--- Exercise objective ---
Your answer must be an exact copy of the records below, minus any images.

── Provided entries

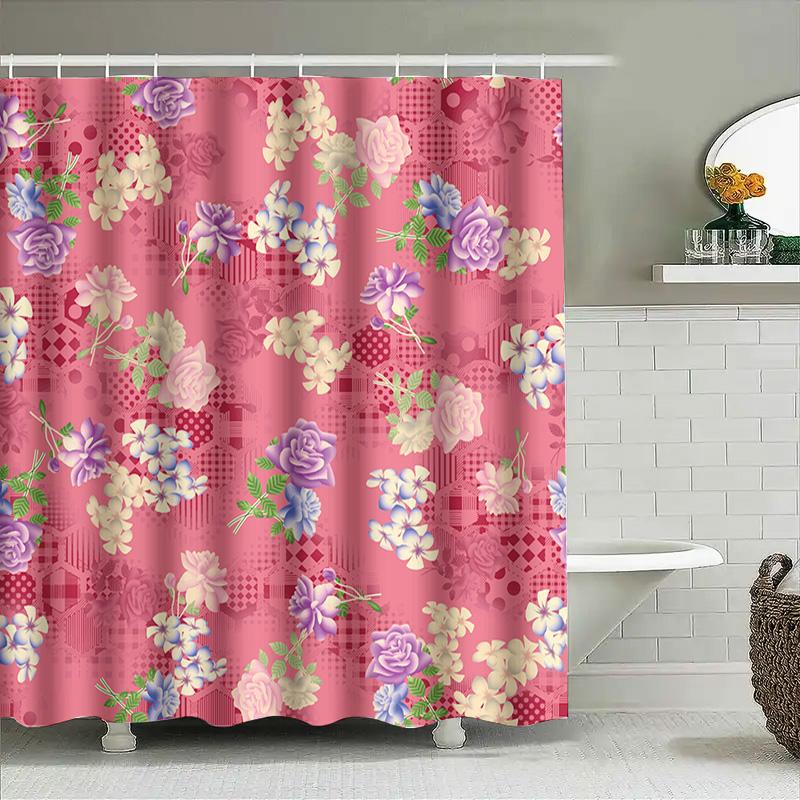 Pink Bath Shower Curtain with Floral Print Modern Home Decor for Bathroom Accessories Decoration Set 72 x 84 inches, Pink Purple
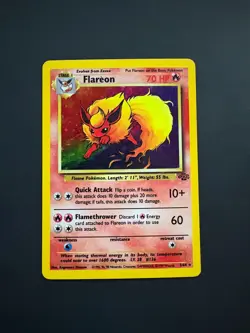 Flareon 3/64 Pokemon Jungle Unlimited Holo Rare Moderately Played (MP) 1999 - Image 1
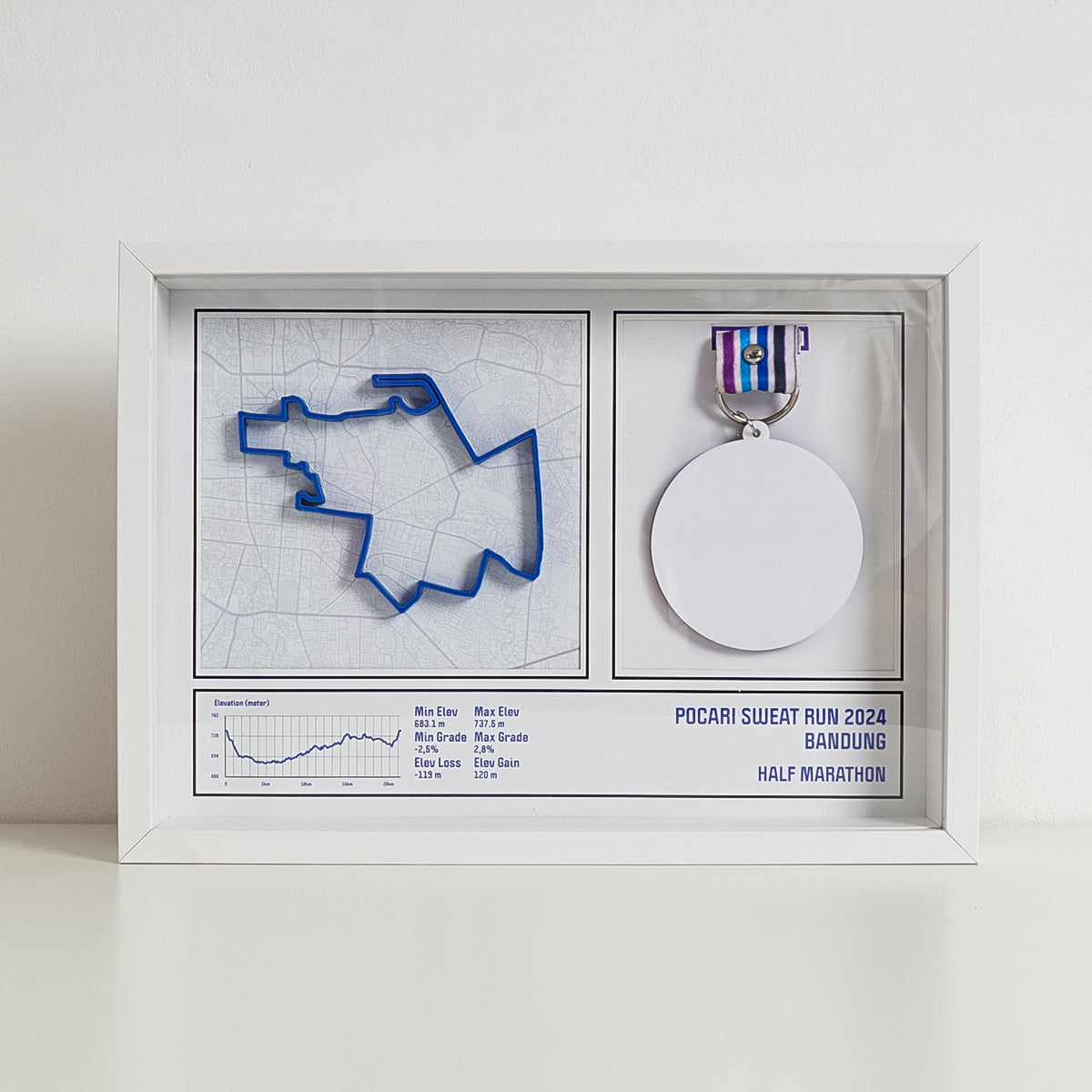 Half Maraton Pocari Sweat Run 2024 Medal Display Frame Kit - Front
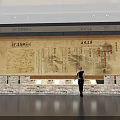 Historical Cultural Display Wall With Ancient Texts Patterns And Stone Base In Exhibition Hall
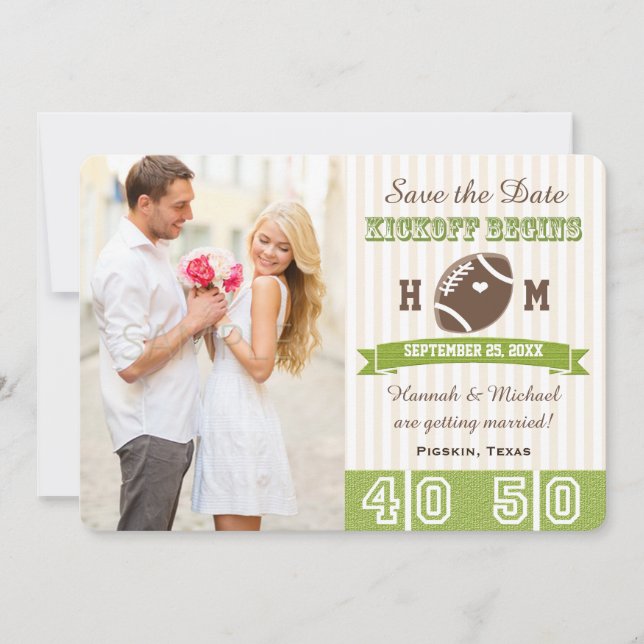 FOOTBALL WEDDING SAVE THE DATE CARD (Front)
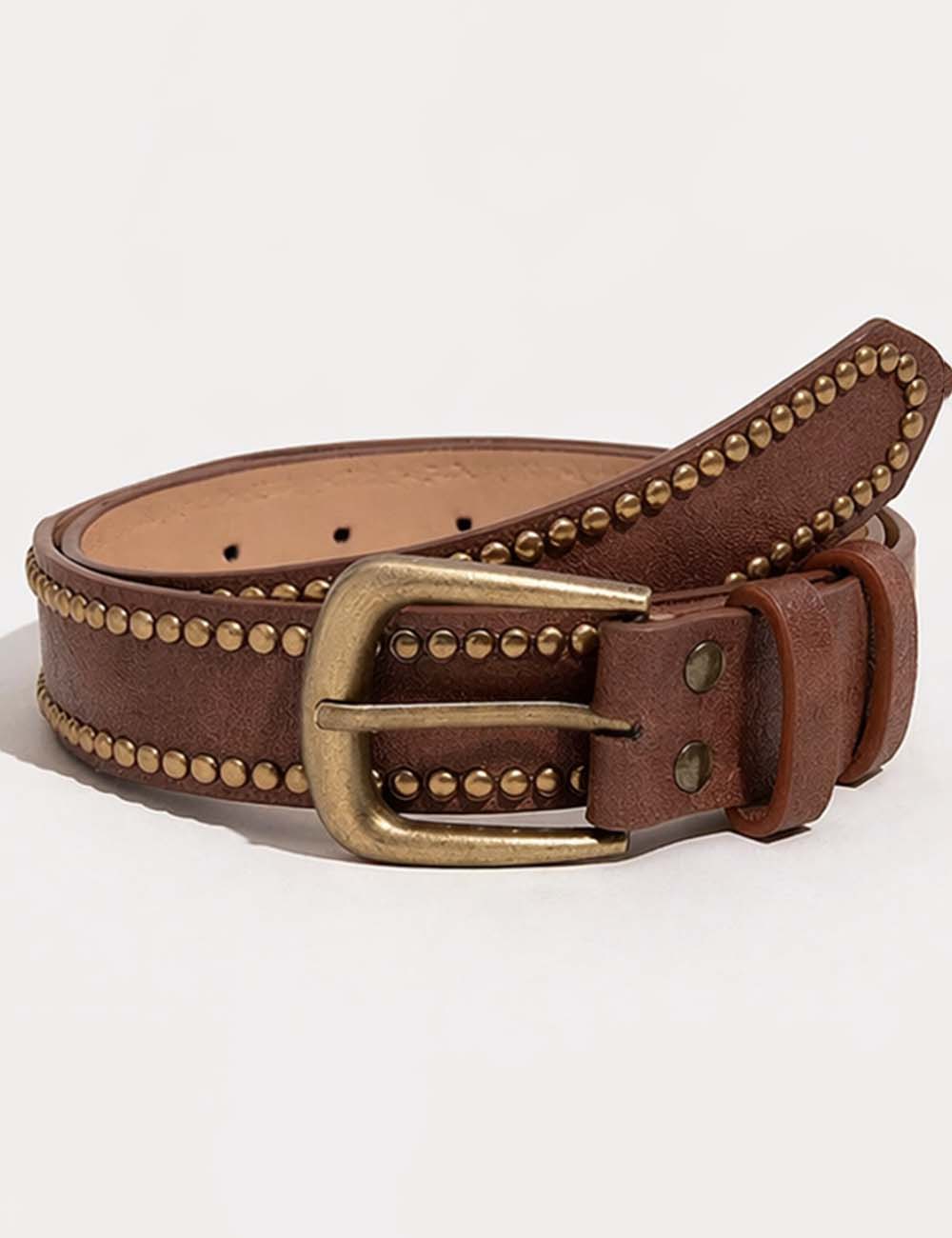 Ladies Faux Leather Studded Waist Belt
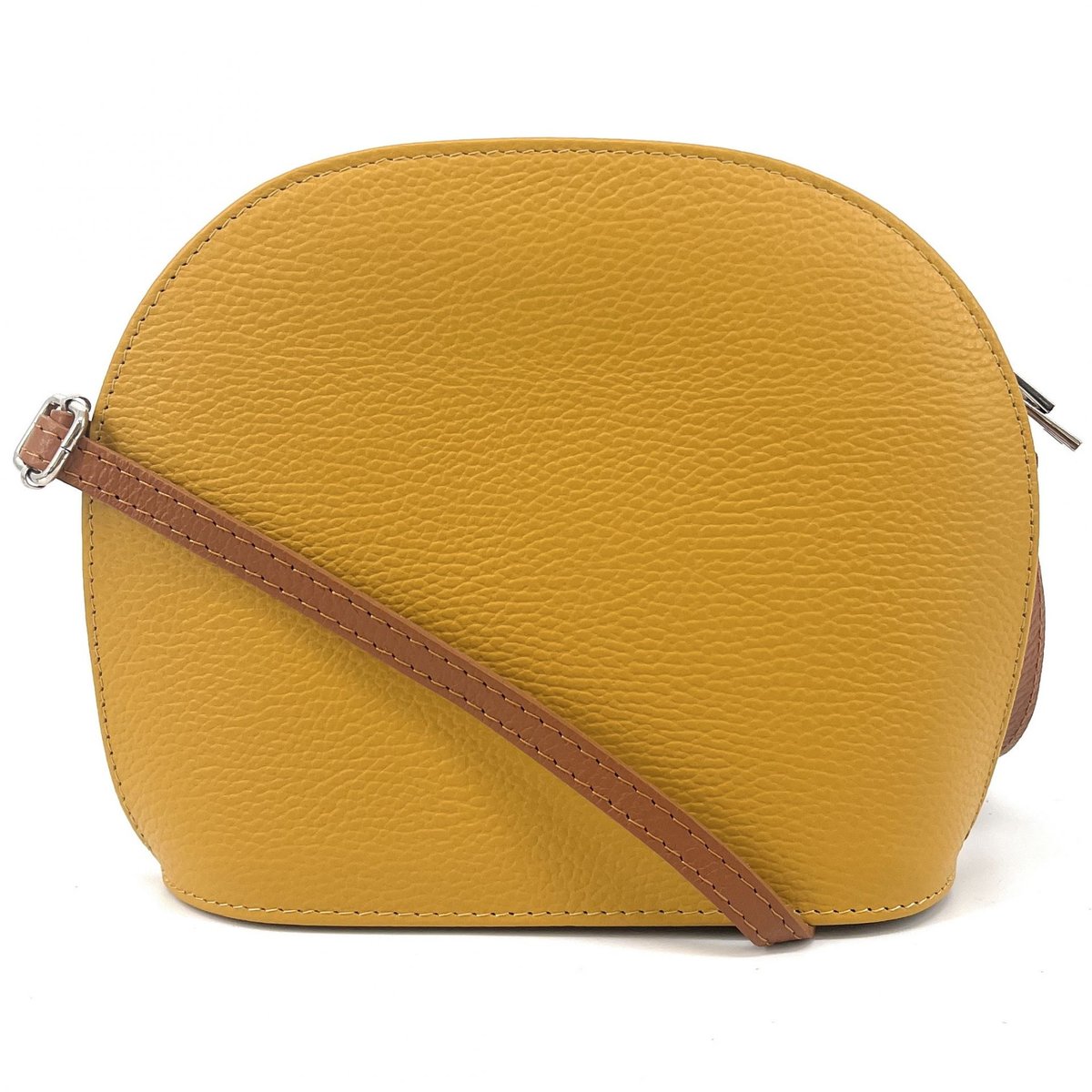 Sac trotteur à bandoulière en cuir grainé NAAN jaune moutarde, OH MY BAG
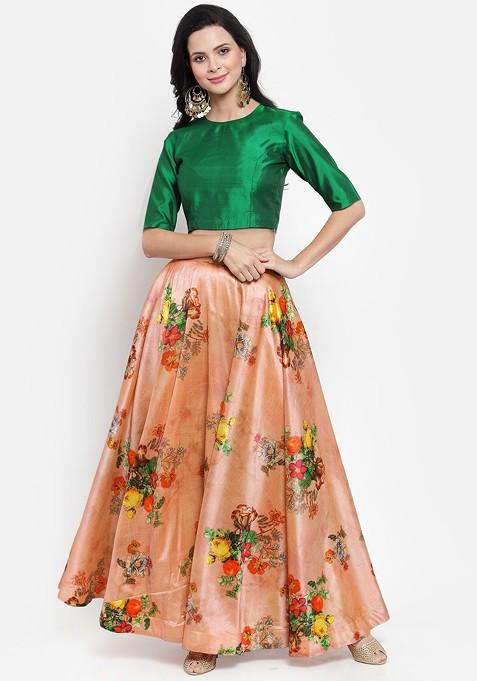 Green Emboridered Blended Lehenga Choli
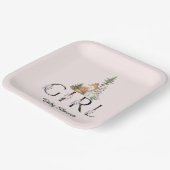 ウッドランド動物少女の赤ちゃんシャワー ペーパープレート (傾斜あり)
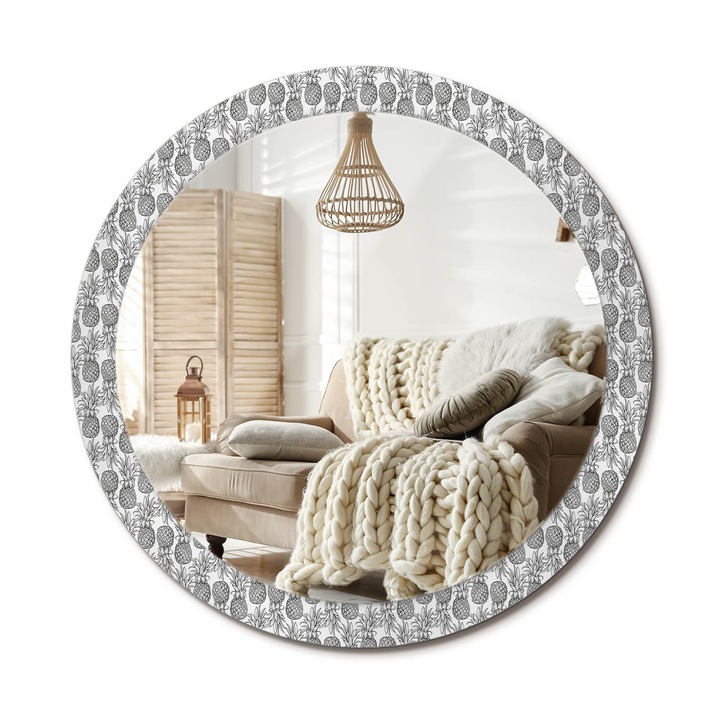 Kör Tükör Nyomtatott Mintával, Decormat, Ananász, Fekete és fehér, Ø90 cm, Fésülködőasztalhoz És Gardróbba, 010090550120300011802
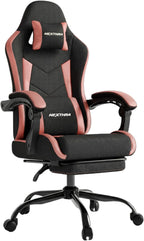 Gaming Chair with Footrest Lumbar Ergonomic Leather Mesh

────

--- Response for this exercise ---
 Pink Bath Shower Curtain with Floral Print Modern Home Decor for Bathroom Accessories Decoration Set 72 x 84 inches, Pink Purple
 Flareon 3/64 Pokemon Jungle Unlimited Holo Rare Moderately Played (MP) 1999 - Image 1
 Half Maraton Pocari Sweat Run 2024 Medal Display Frame Kit - Front
 Historical Cultural Display Wall With Ancient Texts Patterns And Stone Base In Exhibition Hall
 FOOTBALL WEDDING SAVE THE DATE CARD (Front)
 Ladies Faux Leather Studded Waist Belt
 Sac trotteur à bandoulière en cuir grainé NAAN jaune moutarde, OH MY BAG
 Green Emboridered Blended Lehenga Choli
 ウッドランド動物少女の赤ちゃんシャワー ペーパープレート (傾斜あり)
 Kör Tükör Nyomtatott Mintával, Decormat, Ananász, Fekete és fehér, Ø90 cm, Fésülködőasztalhoz És Gardróbba, 010090550120300011802
 Gaming Chair with Footrest Lumbar Ergonomic Leather Mesh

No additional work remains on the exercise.